Question

The CFSE for the \( d^8 \) octahedral ion is:

• A. -0.4 \( \Delta_o \)
• B. -0.6 \( \Delta_o \)
• C. 1.2 \( \Delta_o \)
• D. -1.2 \( \Delta_o \)

Hint:

For \( d^8 \) configuration in octahedral fields, the CFSE is calculated based on the number of electrons in lower and higher energy orbitals, giving a value of -0.4 \( \Delta_o \).

Answer 1

The Correct Option is A

Step 1: Understanding CFSE for Octahedral Complexes.
The Crystal Field Stabilization Energy (CFSE) for an octahedral complex is calculated using the formula: \[ \text{CFSE} = -0.4 \Delta_o \times \text{(number of electrons in lower energy orbitals)} + 0.6 \Delta_o \times \text{(number of electrons in higher energy orbitals)} \] where \( \Delta_o \) is the octahedral crystal field splitting energy.

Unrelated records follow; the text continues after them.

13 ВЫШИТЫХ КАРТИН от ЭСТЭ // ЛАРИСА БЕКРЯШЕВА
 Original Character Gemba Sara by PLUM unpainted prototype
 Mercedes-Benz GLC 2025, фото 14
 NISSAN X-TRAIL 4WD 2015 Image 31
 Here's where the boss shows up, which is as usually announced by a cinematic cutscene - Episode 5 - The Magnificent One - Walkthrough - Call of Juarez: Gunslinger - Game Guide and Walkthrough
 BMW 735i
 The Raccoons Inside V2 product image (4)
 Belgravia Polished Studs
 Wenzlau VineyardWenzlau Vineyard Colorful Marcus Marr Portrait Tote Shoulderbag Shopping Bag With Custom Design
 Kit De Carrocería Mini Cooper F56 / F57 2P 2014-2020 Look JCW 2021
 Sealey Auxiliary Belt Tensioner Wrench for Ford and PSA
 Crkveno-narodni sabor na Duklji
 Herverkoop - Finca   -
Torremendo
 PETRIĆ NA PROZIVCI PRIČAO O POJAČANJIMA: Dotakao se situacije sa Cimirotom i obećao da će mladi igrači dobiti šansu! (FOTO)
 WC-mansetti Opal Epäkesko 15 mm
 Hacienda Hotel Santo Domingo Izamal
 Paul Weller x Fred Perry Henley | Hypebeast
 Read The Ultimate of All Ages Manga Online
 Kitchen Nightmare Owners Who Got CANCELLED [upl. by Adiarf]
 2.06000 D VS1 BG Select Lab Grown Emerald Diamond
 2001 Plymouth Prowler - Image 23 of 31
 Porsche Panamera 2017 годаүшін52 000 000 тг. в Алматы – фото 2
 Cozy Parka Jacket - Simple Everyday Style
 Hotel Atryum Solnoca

Step 2: Applying the Formula to \( d^8 \) Configuration.
For a \( d^8 \) configuration in an octahedral field, the electron arrangement will have 2 electrons in the higher-energy \( e_g \)-orbitals and 6 electrons in the lower-energy \( t_{2g} \)-orbitals. The CFSE for such a configuration is: \[ \text{CFSE} = -0.4 \Delta_o \times 6 + 0.6 \Delta_o \times 2 = -2.4 \Delta_o + 1.2 \Delta_o = -0.4 \Delta_o \]

Step 3: Conclusion.
Thus, the CFSE for the \( d^8 \) octahedral ion is -0.4 \( \Delta_o \), corresponding to option (1).